He studied me for a second as if I'd roused him from a dream-filled sleep. I could see now that he was as high as the Himalayas.
—I've seen you before, he said matter-of-factly.
—Really? From what distance?
—You were a friend of Hank's. I saw you at The Lean-To.
—Oh. Right.
I vaguely remembered him now as one of the WPA types who had sat at the adjacent table.
—Actually, I was kind of looking for Hank, I said. Is he here?
—Here? No . . .
He eyed me up and down. He rubbed his fingers across the stubble on his chin.
—I guess you aint heard.
—Heard what?
He studied me a moment more.
—He's gone.
—Gone?
—Gone for good.
For a moment I was startled. It was that strange sense of surprise that unsettles us, however briefly, in the face of the inevitable.
—When? I asked.
—A week or so.
—What happened?
—That's the twist. After spending months on the dole, he had a windfall. Not nickels, you understand. Real money. Second-chance money. Build yourself a house of bricks money. But Hank, he takes the whole wad and throws himself a riot.
The jackal looked around as if he'd suddenly remembered where he was. He waved his beer bottle at the room with distaste.
—Nothin like this.
The motion seemed to remind him that his bottle was empty. With a rattle, he dumped it in the sink. He took a new one from the icebox, closed the door and leaned back.
—Yeah, he continued. It was somethin. And Hank was ring-leadin the whole thing. He had a pocketful of twenties.
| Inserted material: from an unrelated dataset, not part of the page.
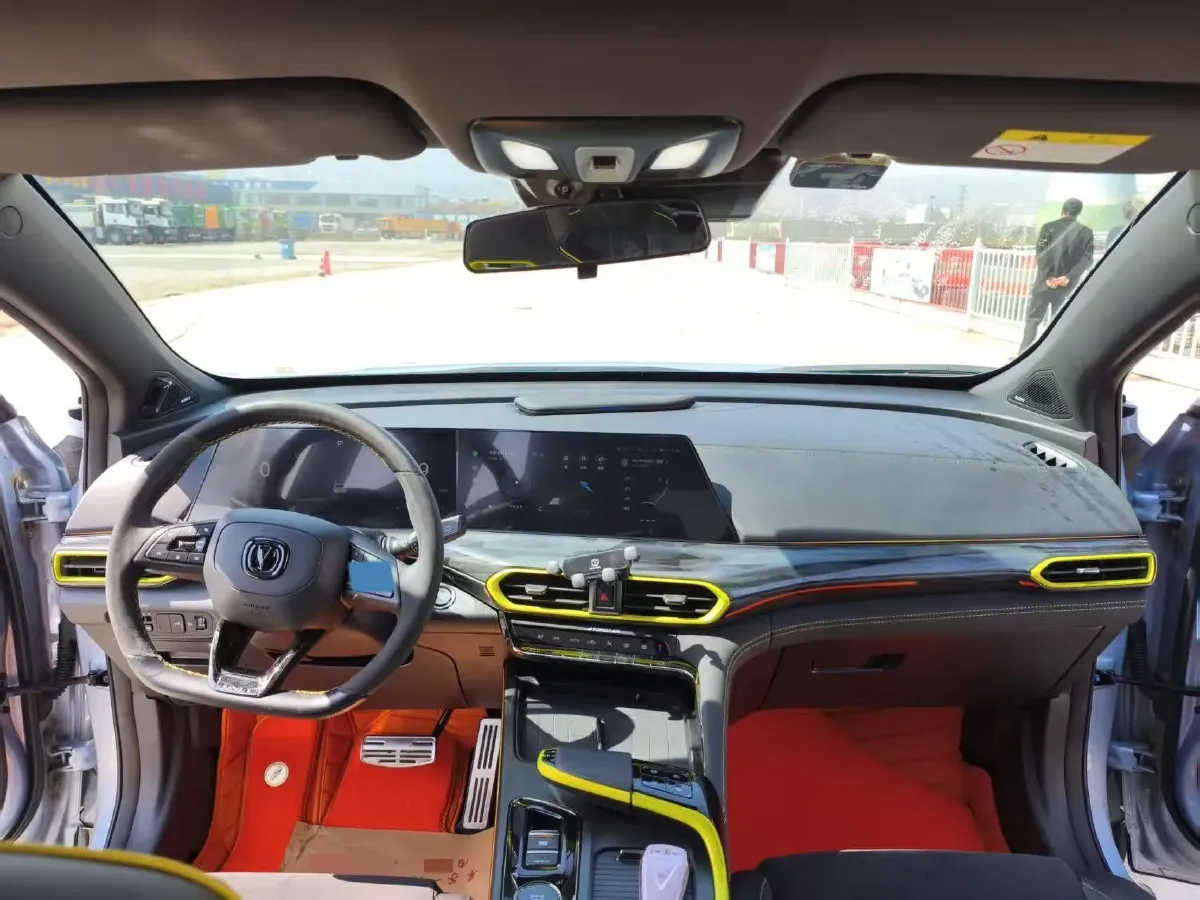 2022 ChangAn UNI-T 1.5T 188HP L4 7DCT,autocango,china used car exporter,china ev exporter,chinese used car exporter,chinese used ev exporter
He was sendin the boys out for tupelo honey and turpenteen. Dolin out the dough. Then around two in the morning he had everyone drag his paintings to the roof. He dumped em in a pile, doused em with gas and set em on fire.
The jackal smiled, for all of two seconds.
—Then he threw everybody out. And that's the last we saw of him.
He took a drink and shook his head.
—Was it morphine, I asked.
—Was what morphine?
—Did he overdose?
The jackal gave an abrupt laugh and looked at me like I was crazy.
—He
enlisted
.
—Enlisted?
—Joined up. His old outfit. The Thirteenth Field Artillery. Fort Bragg. Cumberland County.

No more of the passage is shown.